Incremental tests that are used to assess cardiorespiratory capacity during free swimming typically involve intervals of set distance (e.g., 200 m) performed at progressively-increasing velocities (Fernandes et al., 2003, 2011; Ribeiro et al., 2015). This means that unlike the smooth-ramp cycling test described above, these tests consist of lengthy stages comprising large unequal work-rate increments. It is, therefore, not surprising that researchers typically use these tests to identify only one of the aforementioned thresholds (e.g., often referred to as the anaerobic threshold) (Fernandes et al., 2011; Ribeiro et al., 2015). Indeed, due to its very nature, it is unlikely that this type of testing can identify the isocapnic region to derive the three-phase model that is best suited for exercise prescription (Binder et al., 2008; Skinner and McLellan, 1980). However, it is difficult to envision how rapidly-incremented small symmetrical changes in the work rate can be applied during free swimming because control of pace is imprecise. One alternative is to perform stationary swimming against a resistive load that can be increased with greater precision (i.e., tethered swimming). Research has confirmed that the maximal rate of oxygen uptake (V.O2max) derived from an incremental tethered-swimming test is highly correlated with and not significantly different from that which is measured during free swimming (Bonen et al., 1980). However, in that study, no attempt was made to discern the threshold(s) that was/were encountered as the resistive load was increased and a discontinuous protocol was used with work bouts of 2-4 minutes separated by recovery intervals of ≥ 5 minutes of rest (Bonen et al., 1980). Consequently, it is unlikely that this test would have been sensitive to threshold differentiation. Nevertheless, the ability of the tethered methodology to serve as a swim ergometer raises the intriguing possibility that a rapidly-incremented protocol similar to that which is used for stationary cycling could be developed using this approach.

In addition to its ability to discriminate the phases in which bicarbonate buffering is/is not sufficient to maintain homeostatic blood pH during incremental exercise, the smooth-ramp rapidly-incremented cycling test allows for determination of V.O2max if the test is continued until the limit of tolerance (Bogaard et al., 2008; Whipp et al., 1981; Whipp and Wasserman, 1972). The rapidly-incremented nature of this test is also important in this regard because longer incremental protocols (e.g., ≥ 12 minutes) can result in underestimation of V.O2max (Astorino et al., 2004; Yoon et al., 2007).

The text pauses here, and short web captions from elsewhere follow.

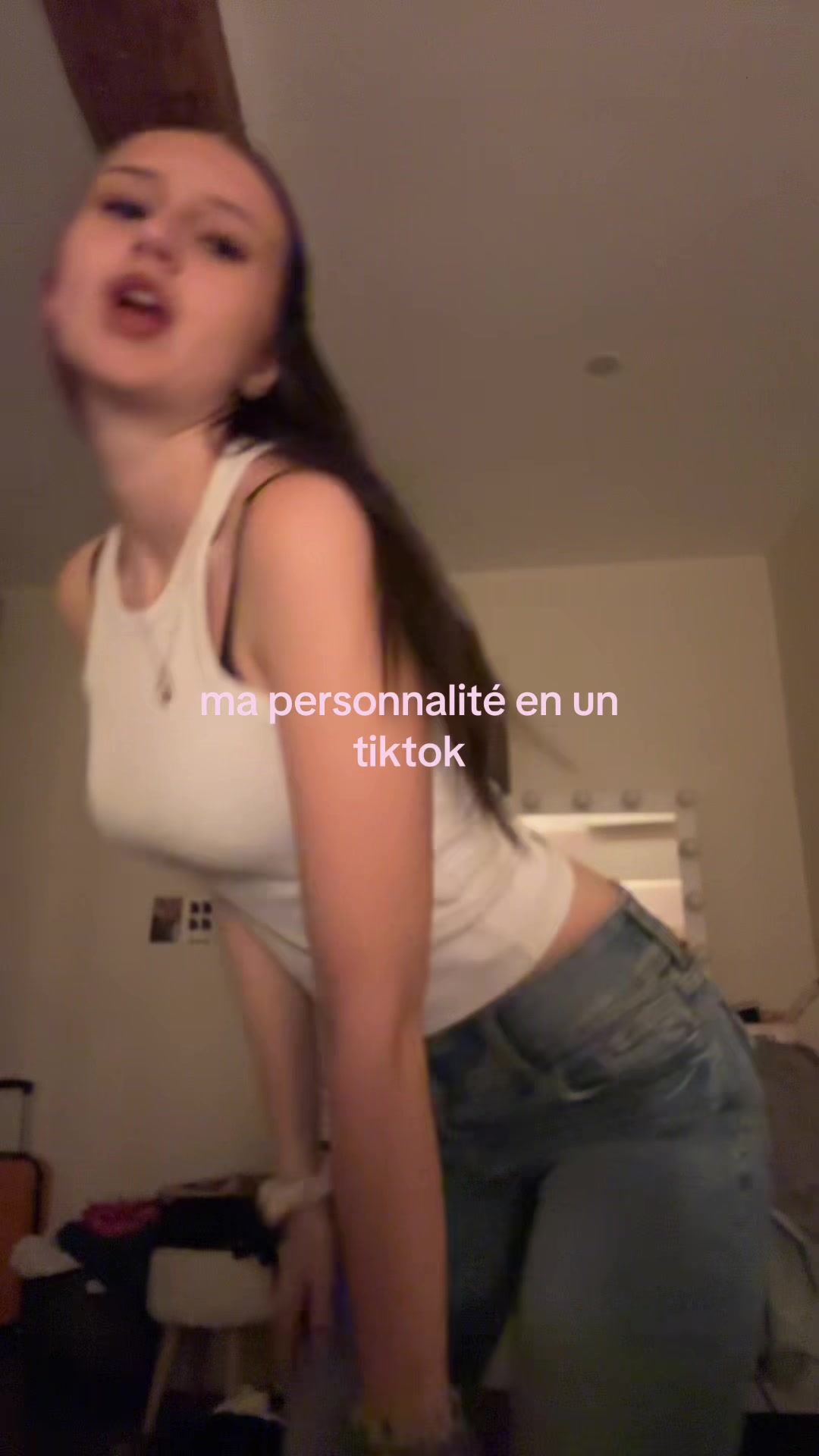 @🪽
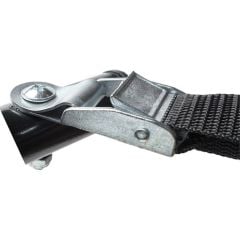 Topp Rack ACS Pro Bisiklet Taşıyıcı - 2 Bisiklet Taşıma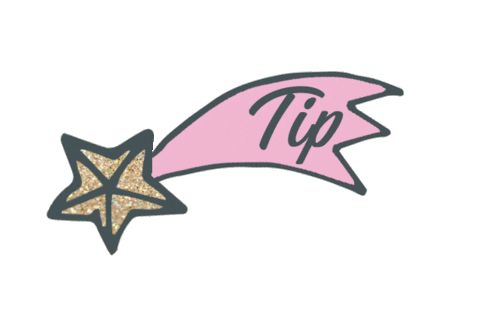 shop vida Sticker by Velvet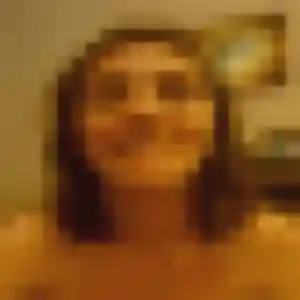 Photo perso de Fouzia, 27 ans à Étagnac - rencontre coquine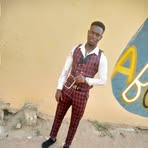 Sylvester Philip - Facebook
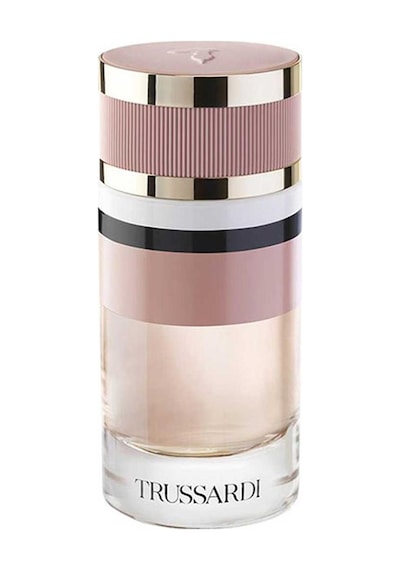 Trussardi Feminine Kadın Parfüm EDP 90 ML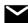 WIKO GETAWAY - Notification icons on the status bar - 17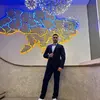 Віталій  Бузовський фото №1740040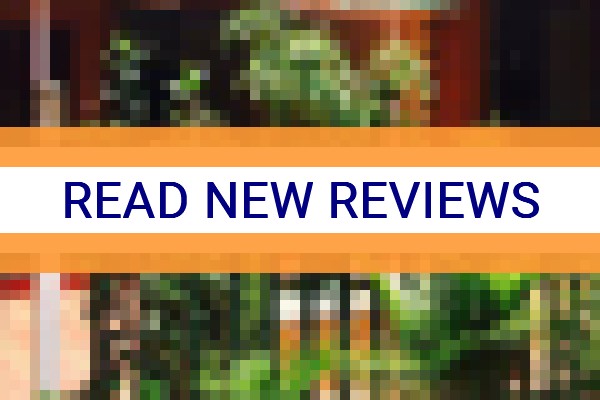 www.panchganicottages.in - check out latest independent reviews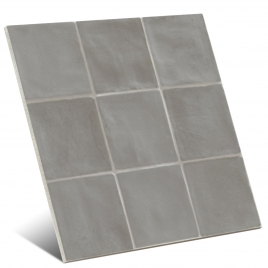 Fika Fossil 10x10 (Boîte 0.56 m2)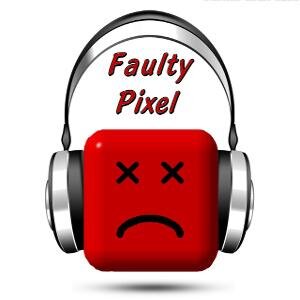 Faulty Pixel is a gaming site, home of the Faulty Pixel Radio & Video shows. Founded and run by @paulizod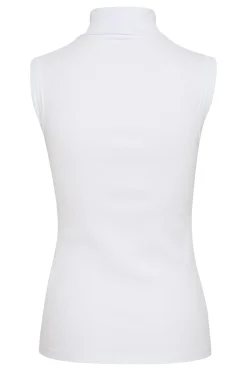 InWear DagnaIW Top* T-shirts & Topper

This has resonance for swimming because the incremental protocol that is typically employed (Fernandes et al., 2003, 2011; Ribeiro et al., 2015) comprises 7-8 steps and, therefore, overall test duration can exceed 12 minutes. Despite its non-steady-state nature, the smooth-ramp test also reveals a V.O2/work-rate slope that serves as a measure of exercise economy (Whipp et al., 1981). It is generally believed that improving V.O2max, V.O2GET/ V.O2RCP and exercise economy might each require different training strategies (Jones and Carter, 2000); hence, the information provided by this singular test can be used to tailor athletic training to the characteristics of a given athlete and to monitor specific training-induced changes.

The purpose of the present study was to investigate whether a rapidly-incremented tethered-swimming protocol with small increases in resistive force could be used to delineate the isocapnic region that separates V.O2GET and V.O2RCP. For this reason, we had competitive swimmers of both sexes perform a novel incremental tethered-swimming test comprising work-rate increments equivalent to 5% of the difference between the maximal resistive force against which they could swim and the force required to maintain body alignment applied every 60 seconds. We hypothesized that two distinct breakpoints in gas-exchange/ventilatory kinetics would be identifiable such that V.O2GET and V.O2RCP could be determined. We also measured V.O2peak and the V.O2/load slope to explore relationships that might be present between exercise economy and the other variables of aerobic fitness.

Material and Methods

Participants

Eleven male (mean ± SD: age, 18 ± 4 yr; stature, 1.80 ± 0.07 m; body mass, 72 ± 10 kg) and five female (age, 17 ± 4 yr; stature, 1.66 ± 0.06 m; body mass, 61 ± 10 kg) swimmers volunteered to participate in this study. The swimmers were competitive at the regional/national level and had each accumulated at least three years of competition training. The subjects were required to give their written informed consent prior to initiation of testing after the experimental procedures, associated risks and potential benefits of participation had been explained. For subjects under the age of 18 (n = 13; range, 14-17 years), signed consent from a parent or guardian was also obtained. This study was approved by the São Paulo State University ethics committee. The subjects were instructed to: 1.) avoid strenuous exercise in the 24 hours preceding each testing session; and 2.) arrive at the pool in a rested and fully-hydrated state at least three hours postprandial. Subjects were also asked to refrain from stimulant beverages and alcohol for 24 hours prior to each test.

Procedures

The competitive swimmers who agreed to participate reported to the pool for testing on two different occasions separated by 48 hours. During the first visit, subjects were familiarized with tethered swimming after which they performed an all-out tethered-swim test. Results from this test were used to calculate the resistive forces that would be applied during the incremental test, which was performed during the second visit. Both tests were undertaken at the same time of day for a given subject in a semi-Olympic swimming pool with water temperature of ~28º C.

The all-out tethered-swim test was performed with a 4905-N load cell attached to the swimmer’s hip by an inelastic rope. For this test, subjects swam all-out for 30 seconds using a full front-crawl stroke with the averaged peaks of the wave frequency from the force-time signal defined as the trial’s average force. Subjects performed this test twice separated by 20 minutes of rest and the higher value for average force (Favg) was recorded for further analysis. The load cell was calibrated for 100 Hz signal acquisition prior to each test and the acquired signal was smoothed by the manufacturer’s software package (N2000PRO, Cefise). We then determined the difference between Favg and the force that was required to maintain the swimmer’s body alignment prior to initiation of the all-out swim (i.e., baseline force production; Fbase) to derive ΔF. The Fbase and ΔF for each subject were used to calculate the starting resistive force and the increments in resistive force that would be applied during the incremental test.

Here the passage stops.